=== PROBLEM TO WORK ON ===
Whenever a picture appears in the listing below, leave it out, and copy exactly the lines from the one containing "Hello, I'm Edu" through the end.

=== PROVIDED MATERIAL ===
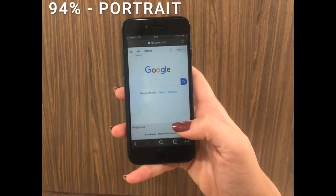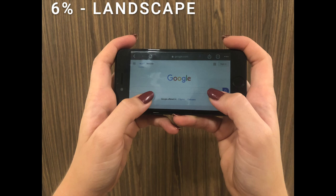How are you used to holding your phone — portrait or landscape? This is another interesting fact, because according to the Scientia Mobile report, 94% of users hold their mobile devices in portrait mode. Only 6% use landscape. But we can't generalize and say people will never use landscape.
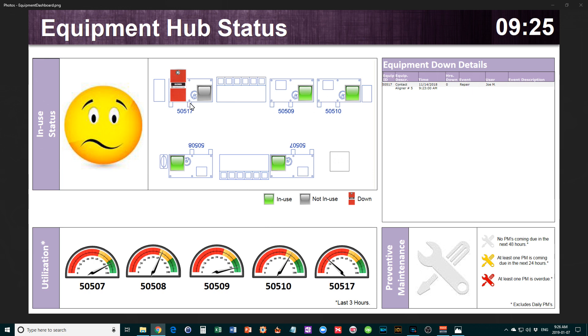The next section is the utilization level. This gives you similar information, except now it includes numerical data. For each piece of equipment, you can see what percentage of utilization it has.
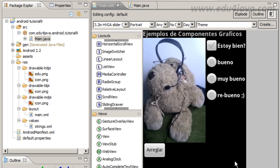Hello, I'm Edu from Edu4java and this is the Android tutorial number 9.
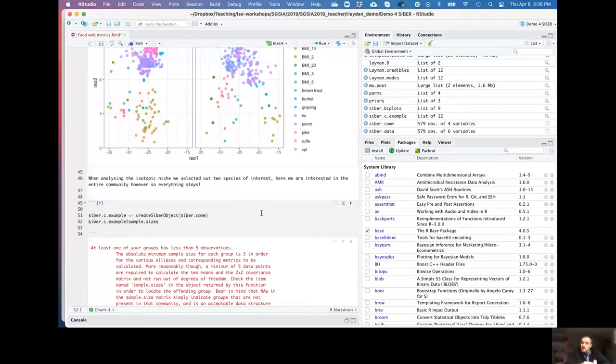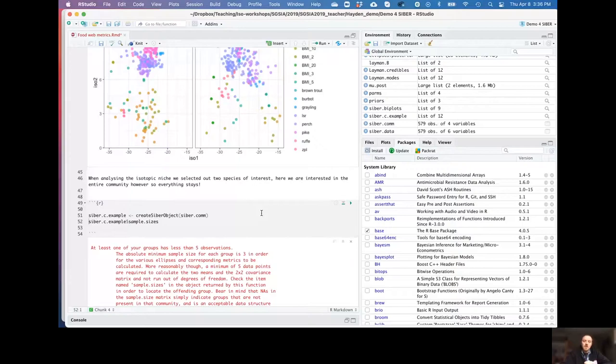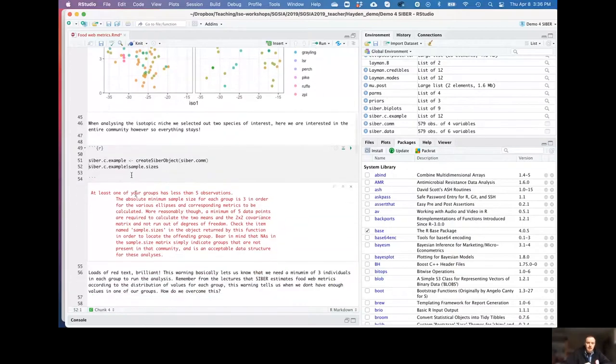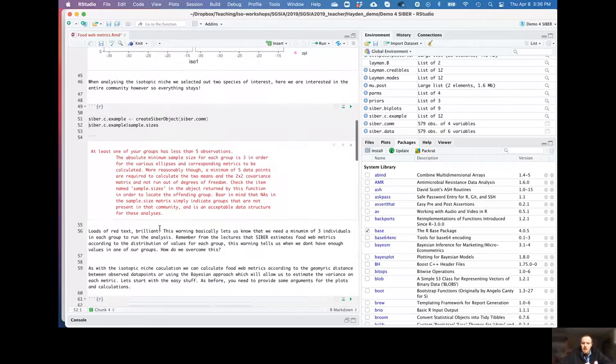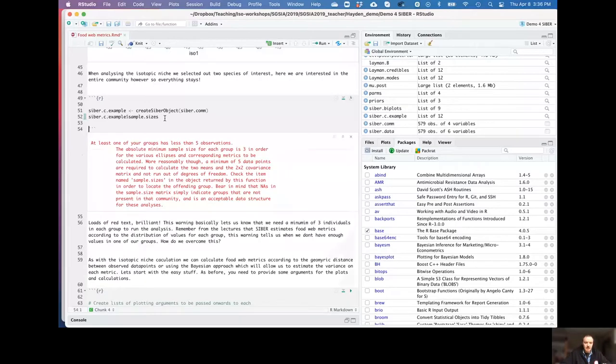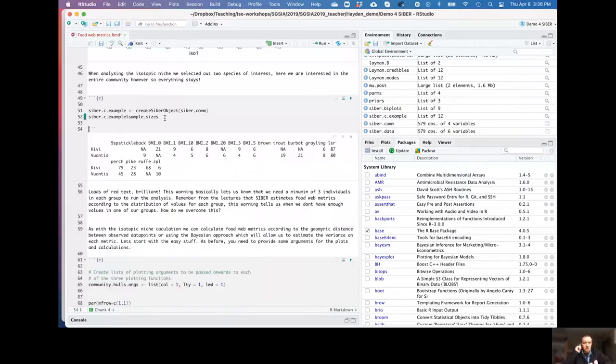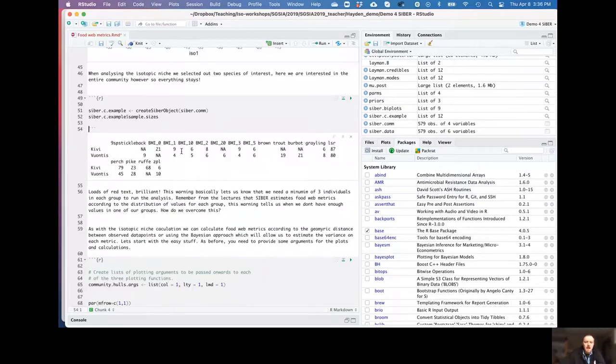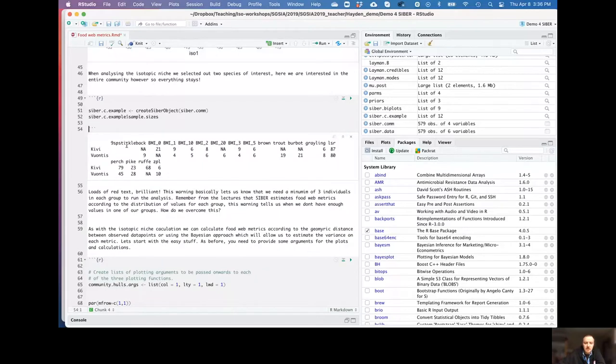So we can only do this where we have three data points for each of those nodes. And that's another reason that we've done this based on putting the invertebrates by depth, because we don't have more than three of each taxa at each depth. So this is something to bear in mind if you're at the start of a project and thinking of your sampling strategy. If you want to do these food web metrics and go into a great amount of detail, you're going to have to make sure that you have enough samples at each site.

=== EXERCISE ANSWER ===
Hello, I'm Edu from Edu4java and this is the Android tutorial number 9.
So we can only do this where we have three data points for each of those nodes. And that's another reason that we've done this based on putting the invertebrates by depth, because we don't have more than three of each taxa at each depth. So this is something to bear in mind if you're at the start of a project and thinking of your sampling strategy. If you want to do these food web metrics and go into a great amount of detail, you're going to have to make sure that you have enough samples at each site.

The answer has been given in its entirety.